> **What to do**
I need the lines below from the one with "乐鱼体育,安溪混合型塑胶跑道" down to the one with "синтетический гашиш Корсаков" reproduced exactly, both ends included, and nothing else.

^^^^^^^^

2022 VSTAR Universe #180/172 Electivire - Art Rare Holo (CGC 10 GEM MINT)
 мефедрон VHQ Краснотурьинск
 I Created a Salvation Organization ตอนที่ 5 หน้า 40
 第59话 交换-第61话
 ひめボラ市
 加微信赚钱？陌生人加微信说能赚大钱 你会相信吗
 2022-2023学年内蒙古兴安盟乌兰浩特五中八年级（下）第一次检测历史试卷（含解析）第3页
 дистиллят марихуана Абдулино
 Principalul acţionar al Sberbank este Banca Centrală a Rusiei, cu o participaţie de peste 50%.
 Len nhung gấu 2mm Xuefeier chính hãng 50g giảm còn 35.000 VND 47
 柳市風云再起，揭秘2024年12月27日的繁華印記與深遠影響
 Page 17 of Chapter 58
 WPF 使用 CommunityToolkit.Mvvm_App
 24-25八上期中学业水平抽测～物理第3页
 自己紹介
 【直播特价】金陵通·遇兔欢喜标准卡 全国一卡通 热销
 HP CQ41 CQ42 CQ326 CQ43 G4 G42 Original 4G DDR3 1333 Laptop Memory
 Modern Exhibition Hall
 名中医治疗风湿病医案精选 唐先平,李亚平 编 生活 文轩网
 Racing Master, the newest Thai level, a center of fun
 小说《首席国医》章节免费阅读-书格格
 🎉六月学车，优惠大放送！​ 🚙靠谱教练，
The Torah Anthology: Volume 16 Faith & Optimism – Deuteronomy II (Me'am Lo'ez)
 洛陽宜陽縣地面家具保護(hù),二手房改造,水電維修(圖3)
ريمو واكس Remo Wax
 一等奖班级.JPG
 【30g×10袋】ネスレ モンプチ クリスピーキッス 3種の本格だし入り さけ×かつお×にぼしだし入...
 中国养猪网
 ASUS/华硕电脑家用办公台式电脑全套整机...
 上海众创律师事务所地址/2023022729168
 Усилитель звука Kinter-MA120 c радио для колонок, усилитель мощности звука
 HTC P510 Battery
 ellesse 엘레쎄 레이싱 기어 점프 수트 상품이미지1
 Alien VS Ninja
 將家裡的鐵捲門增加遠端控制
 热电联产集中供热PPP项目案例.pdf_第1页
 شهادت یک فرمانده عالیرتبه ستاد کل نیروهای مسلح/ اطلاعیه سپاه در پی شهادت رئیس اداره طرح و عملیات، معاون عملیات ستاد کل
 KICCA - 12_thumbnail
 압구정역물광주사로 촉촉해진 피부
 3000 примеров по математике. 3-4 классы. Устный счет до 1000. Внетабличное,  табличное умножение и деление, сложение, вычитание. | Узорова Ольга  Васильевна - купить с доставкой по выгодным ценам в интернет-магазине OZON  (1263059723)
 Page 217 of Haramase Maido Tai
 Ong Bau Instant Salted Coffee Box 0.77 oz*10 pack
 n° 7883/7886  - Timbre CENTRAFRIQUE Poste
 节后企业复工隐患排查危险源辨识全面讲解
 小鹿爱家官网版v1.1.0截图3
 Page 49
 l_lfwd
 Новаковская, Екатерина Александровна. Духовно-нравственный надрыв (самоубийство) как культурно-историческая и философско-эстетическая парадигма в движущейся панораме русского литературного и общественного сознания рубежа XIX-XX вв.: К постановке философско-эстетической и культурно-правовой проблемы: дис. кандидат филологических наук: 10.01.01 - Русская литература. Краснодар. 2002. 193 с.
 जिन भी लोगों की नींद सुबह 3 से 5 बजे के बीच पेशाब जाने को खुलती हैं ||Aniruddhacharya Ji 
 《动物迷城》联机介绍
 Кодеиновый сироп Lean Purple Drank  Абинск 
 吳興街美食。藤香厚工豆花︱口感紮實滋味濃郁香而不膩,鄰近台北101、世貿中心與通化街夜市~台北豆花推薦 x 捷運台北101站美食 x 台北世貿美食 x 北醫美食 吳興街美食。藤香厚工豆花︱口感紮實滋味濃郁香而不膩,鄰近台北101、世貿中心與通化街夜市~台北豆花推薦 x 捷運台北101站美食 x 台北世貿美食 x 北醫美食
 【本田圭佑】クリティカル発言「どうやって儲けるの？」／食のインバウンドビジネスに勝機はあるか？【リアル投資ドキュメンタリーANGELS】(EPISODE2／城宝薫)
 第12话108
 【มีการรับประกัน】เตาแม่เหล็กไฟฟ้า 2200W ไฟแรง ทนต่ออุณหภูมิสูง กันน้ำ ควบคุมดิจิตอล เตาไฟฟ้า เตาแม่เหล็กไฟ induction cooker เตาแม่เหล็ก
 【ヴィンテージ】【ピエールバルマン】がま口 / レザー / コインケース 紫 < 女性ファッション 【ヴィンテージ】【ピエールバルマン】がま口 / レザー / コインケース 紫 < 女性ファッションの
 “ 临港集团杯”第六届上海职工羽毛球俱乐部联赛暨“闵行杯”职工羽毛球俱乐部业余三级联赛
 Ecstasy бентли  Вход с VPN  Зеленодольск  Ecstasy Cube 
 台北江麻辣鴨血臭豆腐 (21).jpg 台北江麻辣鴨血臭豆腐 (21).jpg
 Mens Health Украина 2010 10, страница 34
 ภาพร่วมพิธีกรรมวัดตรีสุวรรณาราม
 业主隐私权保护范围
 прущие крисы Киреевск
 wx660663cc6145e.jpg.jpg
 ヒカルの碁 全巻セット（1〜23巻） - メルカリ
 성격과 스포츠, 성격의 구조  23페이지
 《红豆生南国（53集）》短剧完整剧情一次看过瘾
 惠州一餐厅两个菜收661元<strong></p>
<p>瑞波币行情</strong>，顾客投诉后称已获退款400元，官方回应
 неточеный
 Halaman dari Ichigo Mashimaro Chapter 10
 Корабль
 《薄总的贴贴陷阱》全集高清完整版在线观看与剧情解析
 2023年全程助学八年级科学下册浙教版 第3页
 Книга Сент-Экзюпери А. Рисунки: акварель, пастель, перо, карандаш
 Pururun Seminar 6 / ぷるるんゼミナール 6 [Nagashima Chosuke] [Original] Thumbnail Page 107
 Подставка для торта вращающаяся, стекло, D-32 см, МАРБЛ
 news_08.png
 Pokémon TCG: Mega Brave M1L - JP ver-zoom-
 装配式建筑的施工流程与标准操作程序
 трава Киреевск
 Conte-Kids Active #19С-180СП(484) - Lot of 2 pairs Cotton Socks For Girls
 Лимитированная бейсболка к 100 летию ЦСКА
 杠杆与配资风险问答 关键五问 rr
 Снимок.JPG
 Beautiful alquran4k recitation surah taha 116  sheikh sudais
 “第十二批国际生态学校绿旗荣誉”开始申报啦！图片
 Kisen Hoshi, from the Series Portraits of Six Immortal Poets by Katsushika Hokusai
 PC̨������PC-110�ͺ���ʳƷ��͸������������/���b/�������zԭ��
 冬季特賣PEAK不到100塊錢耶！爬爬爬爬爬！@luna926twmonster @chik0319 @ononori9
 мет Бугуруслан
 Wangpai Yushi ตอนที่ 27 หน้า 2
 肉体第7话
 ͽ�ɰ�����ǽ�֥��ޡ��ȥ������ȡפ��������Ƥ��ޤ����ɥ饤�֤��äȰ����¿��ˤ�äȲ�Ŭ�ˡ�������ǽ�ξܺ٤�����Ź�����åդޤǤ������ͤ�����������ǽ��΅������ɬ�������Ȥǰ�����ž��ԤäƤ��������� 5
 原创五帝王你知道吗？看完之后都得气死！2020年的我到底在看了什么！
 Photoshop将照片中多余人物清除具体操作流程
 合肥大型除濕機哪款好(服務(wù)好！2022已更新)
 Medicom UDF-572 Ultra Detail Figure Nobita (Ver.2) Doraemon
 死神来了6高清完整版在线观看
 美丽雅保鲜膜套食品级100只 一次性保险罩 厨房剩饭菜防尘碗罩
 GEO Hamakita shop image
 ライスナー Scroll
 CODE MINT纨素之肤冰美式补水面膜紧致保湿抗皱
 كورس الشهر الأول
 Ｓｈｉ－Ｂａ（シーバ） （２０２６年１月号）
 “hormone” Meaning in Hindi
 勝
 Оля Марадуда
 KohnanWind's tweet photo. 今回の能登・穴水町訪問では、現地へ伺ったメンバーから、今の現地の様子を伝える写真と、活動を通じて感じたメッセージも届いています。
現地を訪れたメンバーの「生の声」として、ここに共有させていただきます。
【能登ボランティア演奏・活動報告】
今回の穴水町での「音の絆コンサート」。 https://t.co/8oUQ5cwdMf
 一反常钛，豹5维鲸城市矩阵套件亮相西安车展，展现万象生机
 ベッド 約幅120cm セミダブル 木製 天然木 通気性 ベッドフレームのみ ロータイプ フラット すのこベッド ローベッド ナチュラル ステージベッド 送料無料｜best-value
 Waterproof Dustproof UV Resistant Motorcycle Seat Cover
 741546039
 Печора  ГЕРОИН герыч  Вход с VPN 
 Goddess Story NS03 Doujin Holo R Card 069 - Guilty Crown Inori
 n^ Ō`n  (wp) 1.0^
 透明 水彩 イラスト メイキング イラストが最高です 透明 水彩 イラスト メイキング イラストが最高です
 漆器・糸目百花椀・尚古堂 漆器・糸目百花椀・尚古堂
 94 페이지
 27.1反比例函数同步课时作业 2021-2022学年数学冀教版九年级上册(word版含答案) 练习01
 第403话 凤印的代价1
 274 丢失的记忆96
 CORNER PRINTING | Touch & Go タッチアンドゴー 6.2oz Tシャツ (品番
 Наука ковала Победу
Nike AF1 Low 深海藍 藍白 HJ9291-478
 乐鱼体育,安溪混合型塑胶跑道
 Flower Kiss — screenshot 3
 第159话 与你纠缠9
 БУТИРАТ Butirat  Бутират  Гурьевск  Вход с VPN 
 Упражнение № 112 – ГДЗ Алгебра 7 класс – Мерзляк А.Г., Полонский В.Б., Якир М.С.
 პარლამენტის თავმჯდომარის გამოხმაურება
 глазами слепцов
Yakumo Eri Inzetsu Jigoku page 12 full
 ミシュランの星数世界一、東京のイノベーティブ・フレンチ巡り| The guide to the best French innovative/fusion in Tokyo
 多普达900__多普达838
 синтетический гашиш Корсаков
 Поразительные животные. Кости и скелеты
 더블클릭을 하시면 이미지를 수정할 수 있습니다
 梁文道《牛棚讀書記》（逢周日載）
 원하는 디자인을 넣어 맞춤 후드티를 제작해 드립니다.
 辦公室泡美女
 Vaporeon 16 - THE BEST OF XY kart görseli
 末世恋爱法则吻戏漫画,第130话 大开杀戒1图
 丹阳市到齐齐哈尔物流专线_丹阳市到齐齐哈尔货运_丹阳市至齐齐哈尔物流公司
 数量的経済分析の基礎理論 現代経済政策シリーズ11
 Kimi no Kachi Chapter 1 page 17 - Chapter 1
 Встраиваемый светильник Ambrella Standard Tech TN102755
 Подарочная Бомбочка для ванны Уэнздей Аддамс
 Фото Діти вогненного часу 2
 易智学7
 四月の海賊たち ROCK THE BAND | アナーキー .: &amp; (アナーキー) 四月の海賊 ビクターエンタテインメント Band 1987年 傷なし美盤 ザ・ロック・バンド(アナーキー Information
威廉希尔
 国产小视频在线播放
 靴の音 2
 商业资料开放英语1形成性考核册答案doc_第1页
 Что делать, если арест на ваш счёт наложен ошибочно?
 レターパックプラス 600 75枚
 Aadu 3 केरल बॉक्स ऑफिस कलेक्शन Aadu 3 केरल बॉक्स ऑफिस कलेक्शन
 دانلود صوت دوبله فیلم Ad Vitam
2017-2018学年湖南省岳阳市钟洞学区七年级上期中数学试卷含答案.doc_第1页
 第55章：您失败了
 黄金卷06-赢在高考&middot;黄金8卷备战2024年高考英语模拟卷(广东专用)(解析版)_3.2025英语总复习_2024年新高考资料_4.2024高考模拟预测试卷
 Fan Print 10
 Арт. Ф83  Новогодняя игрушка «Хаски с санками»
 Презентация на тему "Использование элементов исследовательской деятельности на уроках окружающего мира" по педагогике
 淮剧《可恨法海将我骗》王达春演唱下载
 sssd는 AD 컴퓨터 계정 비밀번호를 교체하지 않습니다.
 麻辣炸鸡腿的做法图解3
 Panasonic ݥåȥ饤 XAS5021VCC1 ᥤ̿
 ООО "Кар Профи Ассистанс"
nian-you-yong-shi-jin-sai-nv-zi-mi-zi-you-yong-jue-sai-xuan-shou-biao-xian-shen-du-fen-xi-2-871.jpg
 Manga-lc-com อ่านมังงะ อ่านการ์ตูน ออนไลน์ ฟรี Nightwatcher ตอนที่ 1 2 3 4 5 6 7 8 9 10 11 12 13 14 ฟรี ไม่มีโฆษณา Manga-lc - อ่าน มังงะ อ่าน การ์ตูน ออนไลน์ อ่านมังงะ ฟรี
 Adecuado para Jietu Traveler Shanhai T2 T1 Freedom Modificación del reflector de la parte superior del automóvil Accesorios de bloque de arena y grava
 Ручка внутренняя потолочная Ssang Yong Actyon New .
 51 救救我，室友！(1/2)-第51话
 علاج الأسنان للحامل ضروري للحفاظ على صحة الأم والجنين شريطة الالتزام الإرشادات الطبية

^^^^^^^^

> **Solution**
 乐鱼体育,安溪混合型塑胶跑道
 Flower Kiss — screenshot 3
 第159话 与你纠缠9
 БУТИРАТ Butirat  Бутират  Гурьевск  Вход с VPN 
 Упражнение № 112 – ГДЗ Алгебра 7 класс – Мерзляк А.Г., Полонский В.Б., Якир М.С.
 პარლამენტის თავმჯდომარის გამოხმაურება
 глазами слепцов
Yakumo Eri Inzetsu Jigoku page 12 full
 ミシュランの星数世界一、東京のイノベーティブ・フレンチ巡り| The guide to the best French innovative/fusion in Tokyo
 多普达900__多普达838
 синтетический гашиш Корсаков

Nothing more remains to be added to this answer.